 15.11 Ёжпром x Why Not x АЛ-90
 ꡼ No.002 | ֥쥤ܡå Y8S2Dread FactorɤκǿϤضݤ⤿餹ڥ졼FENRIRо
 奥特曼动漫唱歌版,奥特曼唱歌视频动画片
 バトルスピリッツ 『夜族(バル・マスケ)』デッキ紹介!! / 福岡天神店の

PROBLEM TO WORK ON:
Word for word, copy out all of the data shown above.

RESULT OF THE TASK:
 15.11 Ёжпром x Why Not x АЛ-90
 ꡼ No.002 | ֥쥤ܡå Y8S2Dread FactorɤκǿϤضݤ⤿餹ڥ졼FENRIRо
 奥特曼动漫唱歌版,奥特曼唱歌视频动画片
 バトルスピリッツ 『夜族(バル・マスケ)』デッキ紹介!! / 福岡天神店の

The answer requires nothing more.